Ждать пришлось недолго, и генералу доложили о прибытии разъезда с Ольгинского направления. В комнату вошел корнет высокого роста, сутуловатый. В нем обратило на себя внимание отсутствие военной выправки, которой всегда отличались кавалеристы. Он, правда, видимо, был очень утомлен, но и при этом оригинальная манера держать себя вызывала удивление. Было сразу заметно, что, несмотря на известную его храбрость, Барбовичу он не особенно нравился. Прибывший корнет, войдя в комнату, снял фуражку и, стряхнув с нее снег, каким‑то ироническим взором провел по всем бывшим в комнате офицерам: что, дескать, сидите здесь в тепле и безопасности, а тут, смотрите‑де, какие дела. Далее между ним и генералом произошел разговор, служивший впоследствии веселой темой в досужих воспоминаниях. Между прочим, как корнет, так и Барбович, оба не выговаривали буквы Р.
— Здравствуйте, докладывайте, докладывайте, — с досадливым смущением обратился к нему генерал.
— Газгешите мне сначала отдышаться, — с обидчивым удивлением произнес корнет.
— Дышите, дышите, только докладывайте, — в сердцах и снисходительно бросил ему Барбович.
— И вот мы поехали. В снежной пугге мы едва пгодвигались. Газгешите закурить? — прервал он свой доклад.
— Курите, курите, дайте ему папиросу, а то у меня крученки, — обратился генерал к присутствующим.
Но корнет сам достал из висевшего через плечо портсигара папиросу и, закурив от поднесенной кем‑то спички, продолжал:
— Я доложу Вашему Превосходительству все по погядку… Но генерал перебил его:
— Давайте, в таком случае, не по порядку.
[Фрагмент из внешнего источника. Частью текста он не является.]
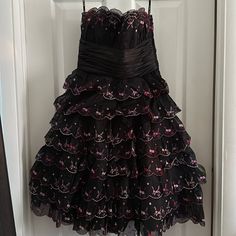 Ruffle Dress. Strapless. Embroidery On Every Layer. Does Not Have Tags But Tag Image From Internet Purple Embellished Strapless Dress, Purple Floral Embroidered Evening Dress, Evening Purple Dresses With Floral Embroidery, Tag Image, Betsey Johnson Dresses, Dresses Vintage, Betsy Johnson, Ruffle Dress, Evening Gown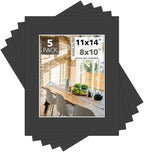 MBC Mat Board Center, Pack of 5, 11x14 for 8x10 Black Photo Picture Mat - Acid Free, 4-ply Thickness, White Core - for Pictures, Photos, Framing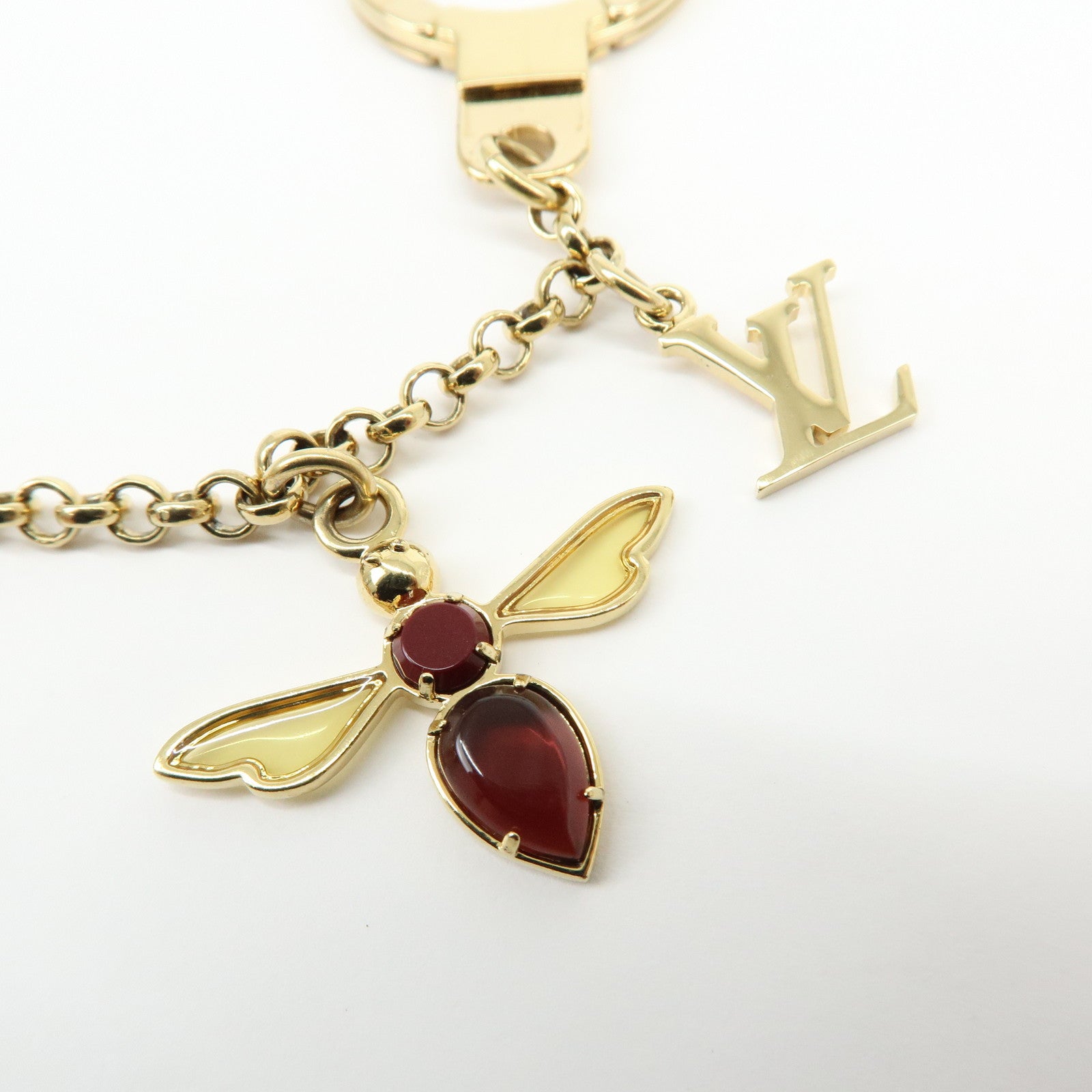 Louis Vuitton Bijou Sac Chaine Bee Fleur Bag Charm Gold M66911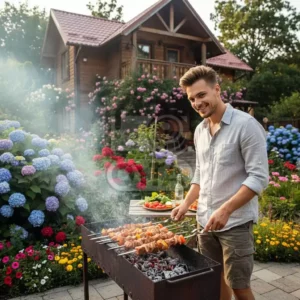 Мужчина, жарит шашлык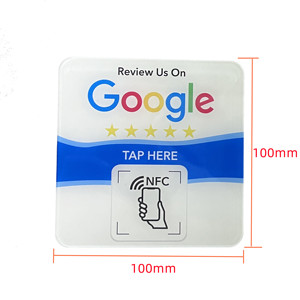 NFC Google reviews pegatinas acrílico código QR NFC chip menú sin contacto signo redes sociales Google <span class=keywords><strong>opiniones</strong></span> Placa <span class=keywords><strong>de</strong></span> revisión - Product Image 3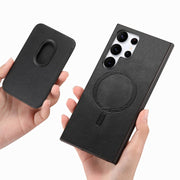For Samsung Galaxy S25 Ultra 5G Retro Magsafe Card Bag PU Back Cover Phone Case(Black)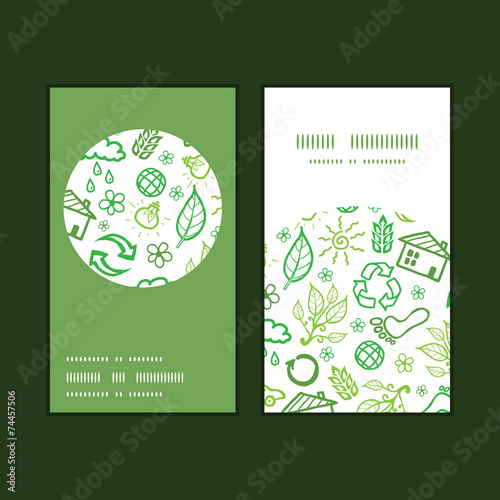Vector ecology symbols vertical round frame pattern business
Вы в Ольгинской были? — спросил он его.
— В Ольгинской не был, не был.
— Ну хорошо, что вы видели и слышали в пути?
— Видел одного когниловца, котогый вел ганеную лошадь.
Не говоря больше ни слова, с удивлением смотрел на корнета генерал. Неизвестно, как бы продолжался этот разговор, потому что в это время прибыли остальные два разъезда и обстоятельно доложили о создавшейся обстановке: не атакуя Ольгинскую, противник в полном беспорядке ушел за Дон, большей частью в Нахичевань, а меньшей — по льду в станицу Аксайскую.
— Теперь я вам, родные корниловцы, определенно могу пожелать спокойной ночи, — сказал генерал Барбович, уезжая из штаба Корниловской дивизии.
Легкость победы нашей уступавшей в численности кавалерии над «непобедимым Буденным» рождала радостное настроение, омрачившееся слухами о ранении генерала Топоркова.
В № 71 «Военной Были» полковник Рябинский поместил статью «Кавалерийское дело 6–го января 1920 г.», в которой описывает атаку добровольческой кавалерийской бригады генерала Барбовича и казачьей конницы генерала Топоркова. Действительно, в этот день была лихая и удачная атака этих частей в районе Батайска против наступавшей конницы Буденного, пытавшейся прорваться на стыке Донской армии с Добровольческим корпусом, и к вечеру конница Буденного была отброшена и отошла в исходное положение. Все это так. Но что не так, то это желание объяснить отход красной конницы только как следствие действий конной группы генерала Топоркова и, в частности, бригады генерала Барбовича, в то время как бой 6 (19) января был лишь одной из фаз крупного сражения, длившегося с 4 по 8 (с 17 по 21 нов. стиля) января включительно, которое вели, кроме добровольцев, 4–й Донской конный корпус под командой генерала Павлова (а не Мамонтова, уехавшего в Екатеринодар) и 3–й Донской корпус генерала Гуселыцикова. Тот бой не был решающим.